Repeat the records below exactly, leaving out every picture.
━━━━━━━━━━━━━━━━━━━━━━━━━━━━━━
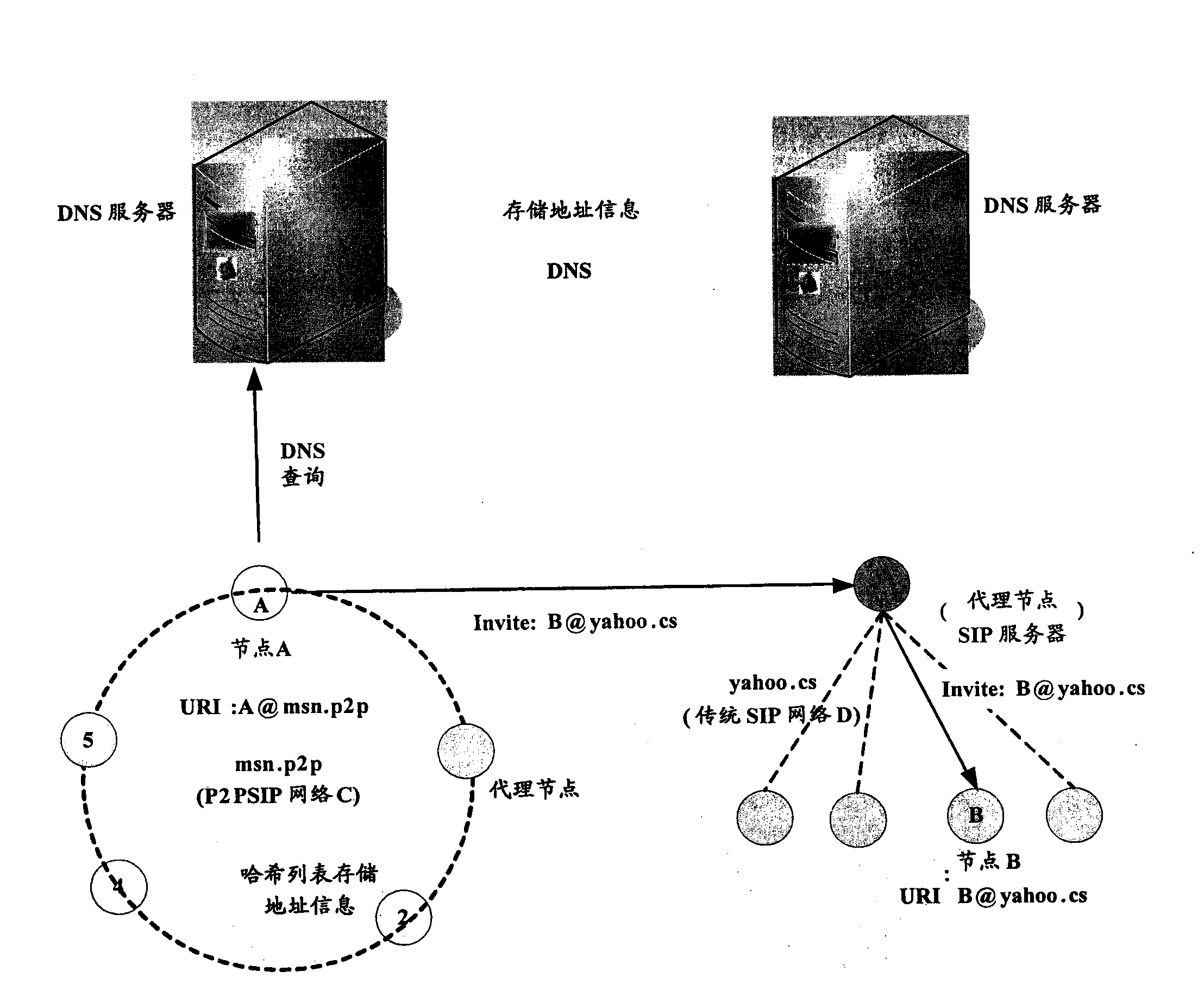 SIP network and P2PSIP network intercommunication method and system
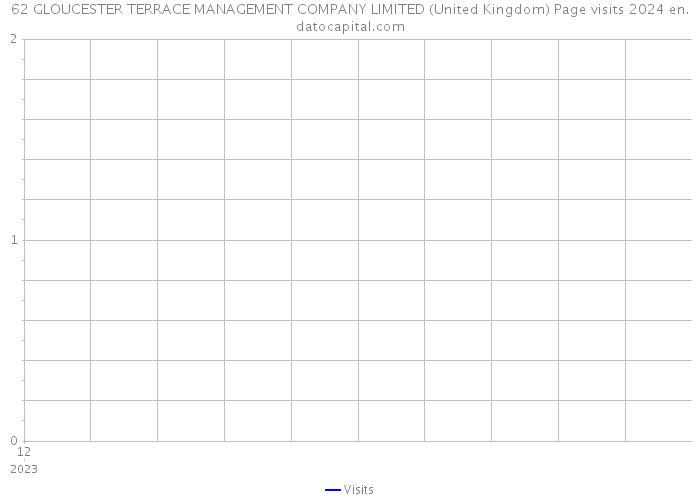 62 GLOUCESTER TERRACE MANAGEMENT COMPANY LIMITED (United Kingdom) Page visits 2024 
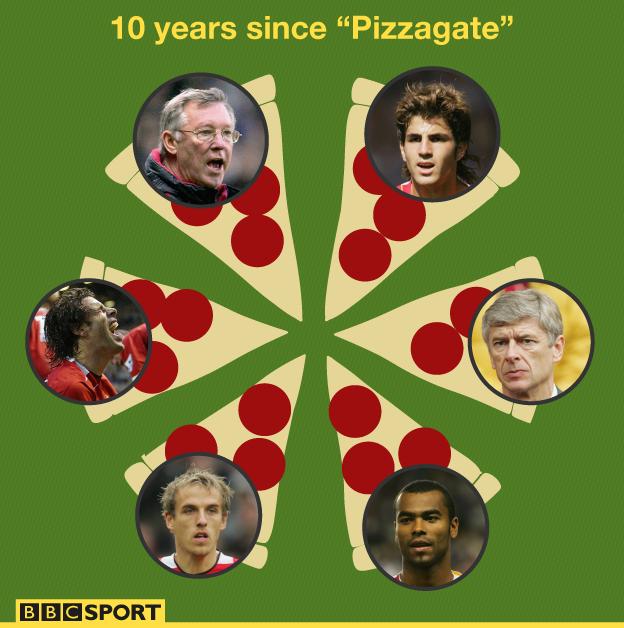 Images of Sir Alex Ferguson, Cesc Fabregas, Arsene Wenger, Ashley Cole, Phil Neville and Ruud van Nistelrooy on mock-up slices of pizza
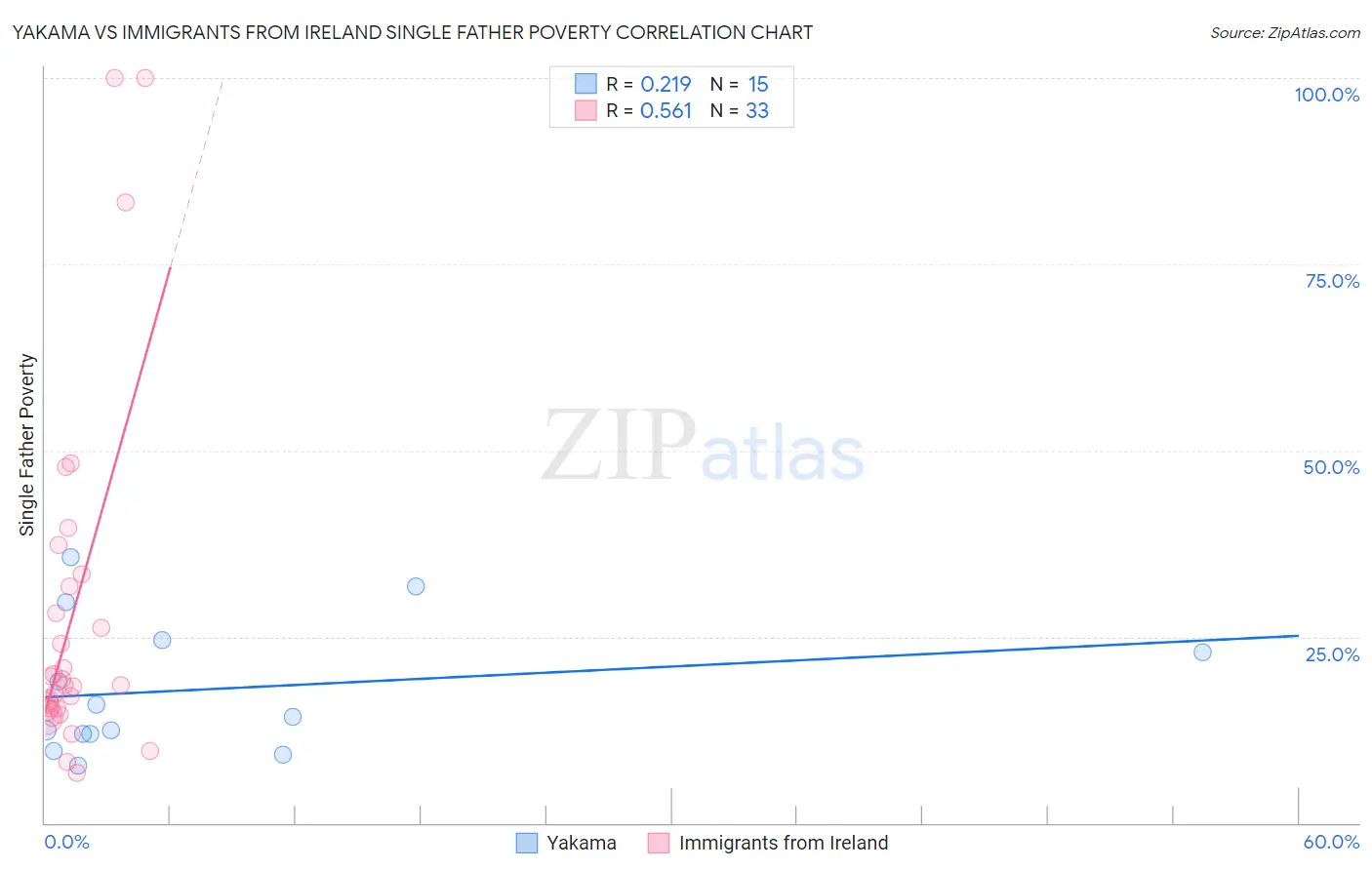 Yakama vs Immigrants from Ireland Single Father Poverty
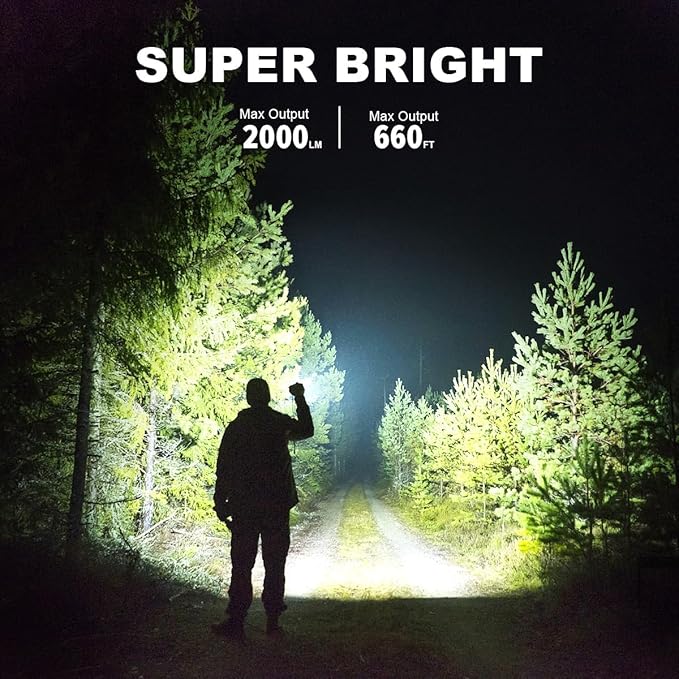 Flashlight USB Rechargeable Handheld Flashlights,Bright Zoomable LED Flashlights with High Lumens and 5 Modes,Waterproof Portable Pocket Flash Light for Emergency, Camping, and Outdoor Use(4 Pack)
━━━━━━━━━━━━━━━━━━━━━━━━━━━━━━
### Solution for this problem
 SIP network and P2PSIP network intercommunication method and system
 62 GLOUCESTER TERRACE MANAGEMENT COMPANY LIMITED (United Kingdom) Page visits 2024 
 Images of Sir Alex Ferguson, Cesc Fabregas, Arsene Wenger, Ashley Cole, Phil Neville and Ruud van Nistelrooy on mock-up slices of pizza
 Yakama vs Immigrants from Ireland Single Father Poverty
 Flashlight USB Rechargeable Handheld Flashlights,Bright Zoomable LED Flashlights with High Lumens and 5 Modes,Waterproof Portable Pocket Flash Light for Emergency, Camping, and Outdoor Use(4 Pack)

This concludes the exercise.